Nigel Parkinson is a British cartoonist who works for D. C. Thomson & Co. Ltd and mainly draws for The Beano and The Dandy.

Biography
Parkinson is the official artist for Dennis the Menace in The Beano. His career in comics began in 1980. Over the following twenty years he worked for many British publishers including for example Fleetway drawing Thunderbirds, Stingray, Scouse Mouse and others, BBC Magazines drawing strips based on TV shows like Grange Hill, Baywatch, and as a 'ghost' artist for many titles published by D.C. Thomson. His first work for The Dandy was in 1982;  his first work for The Beano was in 1996. He started drawing Bea in October 1998. Parkinson also occasionally draws The Bash Street Kids, and was particularly active on that strip between 1999 and 2001. He also ghosted Mike Pearse's style for the spin-off strip Singled Out in BeanoMAX.

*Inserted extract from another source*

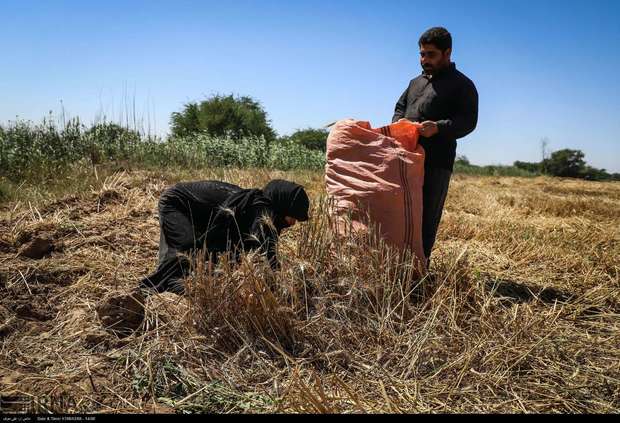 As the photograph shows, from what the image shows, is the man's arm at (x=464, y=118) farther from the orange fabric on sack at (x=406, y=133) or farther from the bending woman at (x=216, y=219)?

In 1998, Parkinson started work on The Dandy'''s then-new football-mad character, Owen Goal, redefining the strip and drawing it until Dandy Xtreme in 2007.

In 1999 Parkinson commenced drawing Dennis the Menace initially alternating his interpretation of the character with artist David Parkins, until 2003 and in 2010/11 with Jim Hansen, Barrie Appleby and Tom Paterson. In 2012 he was commissioned by D.C. Thomson to become the sole official Dennis artist. At the same time he was asked to draw Minnie the Minx in the Beano, which he both drew and wrote, often with Paul Palmer, before handing over the strip to him in 2016.

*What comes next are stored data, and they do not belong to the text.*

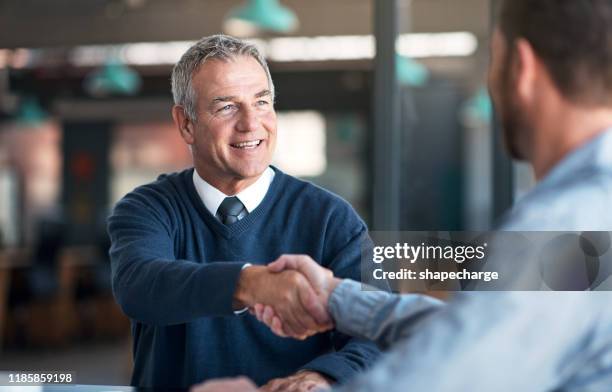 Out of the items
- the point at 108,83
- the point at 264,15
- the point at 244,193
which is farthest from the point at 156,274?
the point at 108,83

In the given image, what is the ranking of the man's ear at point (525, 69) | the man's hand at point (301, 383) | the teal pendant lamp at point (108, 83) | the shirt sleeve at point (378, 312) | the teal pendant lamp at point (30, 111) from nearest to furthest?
the man's ear at point (525, 69), the shirt sleeve at point (378, 312), the man's hand at point (301, 383), the teal pendant lamp at point (108, 83), the teal pendant lamp at point (30, 111)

In 2003, The Dandy asked Parkinson to freshen up the look of the terrible toddlers Cuddles and Dimples, taking over from the original artist, Barrie Appleby and changing the appearance of the characters and the personalities of their parents. His foxy version of Cuddles and Dimples' mum has become a fan favourite.

Since 2005 Nigel Parkinson has also illustrated all of the Beano Jigsaw Puzzles and most of Dennis the Menace merchandise.

In 2008 he began drawing Puss'n'Boots and Marvo the Wonder Chicken for The Dandy and designed a new version of Lord Snooty - Lord Snooty the Third - for The Beano's 70th birthday year.

In 2010 he wrote and drew a comic strip based on comedian Harry Hill's TV Burp for The Dandy (with co-writers including Harry Hill, Sean Baldwin, David Quantick and Duncan Scott) and in 2012 a 12-week run of The Banana Bunch.

In early 2012 he asked fellow Liverpudlian Sir Paul McCartney if he would appear in the final print edition of The Dandy'', as he had said in 1963 that his ambition was to have his picture in the comic; McCartney did, and later claimed some of his friends and family thought it was a highlight of his career!

In 2013, a drawing of Mock the Week regulars Dara Ó Briain, Hugh Dennis, Andy Parsons and Chris Addison alongside Dennis was shown (and commented on) on an episode of the series.

He has also drawn adverts for Milky Way, Wenlock & Mandeville, Lego, Nesquik, and Real Construction. He drew the record sleeve for Kaiser Chiefs's single "The Angry Mob" and Count Arthur Strong's Christmas CD.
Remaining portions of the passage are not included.